We took a brisk walk, putting it mildly, toward our room. I asked Jessica if she wanted me to run in and lift one of those bottles of wine. She said, “Maybe later, when not so many people are standing around.”
We missed dinner and made it to the first session that night with just enough time to spare to fix a cup of coffee and walk in. A few people noticed us walking into the main meeting area and a woman said: “There you two are. You missed dinner. Did you have a difficult time finding the place?”
Jessica said, “What are you talking about we’ve been here all day. We’ve just been in our room the whole time.” The woman responded with a less than pleasant “that’s too much information for me” look on her face.
Like two school brats, we giggled as we found our seats.
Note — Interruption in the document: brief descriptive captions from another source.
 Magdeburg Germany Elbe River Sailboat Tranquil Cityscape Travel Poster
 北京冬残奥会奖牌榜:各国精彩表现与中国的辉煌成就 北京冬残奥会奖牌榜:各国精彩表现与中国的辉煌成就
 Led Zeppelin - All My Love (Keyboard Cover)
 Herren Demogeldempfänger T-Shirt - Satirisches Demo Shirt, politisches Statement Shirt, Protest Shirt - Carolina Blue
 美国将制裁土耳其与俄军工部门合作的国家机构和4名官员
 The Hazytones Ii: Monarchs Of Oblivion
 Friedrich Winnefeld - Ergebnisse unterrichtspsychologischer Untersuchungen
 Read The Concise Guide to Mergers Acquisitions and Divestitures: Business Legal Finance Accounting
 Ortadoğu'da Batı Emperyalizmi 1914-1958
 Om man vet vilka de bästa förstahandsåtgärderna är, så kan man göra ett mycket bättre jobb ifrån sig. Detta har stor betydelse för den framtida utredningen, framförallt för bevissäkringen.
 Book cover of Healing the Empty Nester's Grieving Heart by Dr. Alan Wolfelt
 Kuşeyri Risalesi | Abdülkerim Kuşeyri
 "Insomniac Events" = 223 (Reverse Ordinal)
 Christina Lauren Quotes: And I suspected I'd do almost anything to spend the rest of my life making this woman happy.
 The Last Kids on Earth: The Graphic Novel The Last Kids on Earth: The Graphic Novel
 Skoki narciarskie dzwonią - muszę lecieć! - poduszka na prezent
The retreat leadership couple set up the entire weekend at the opening of the first session: “We don’t want you guys to stay locked up in sessions with us all weekend. You’re here to be with each other. We’re going to discuss some things that maybe you’ve never talked about or that you haven’t talked about in a long time. You’ll spend some time with us in a large group format, but then I want you to go to a quiet place or back to your rooms (Jessica I looked at each other and high-fived) and spend some time together. We’ll give you a couple of exercises to guide you, but they are only meant to help you connect.”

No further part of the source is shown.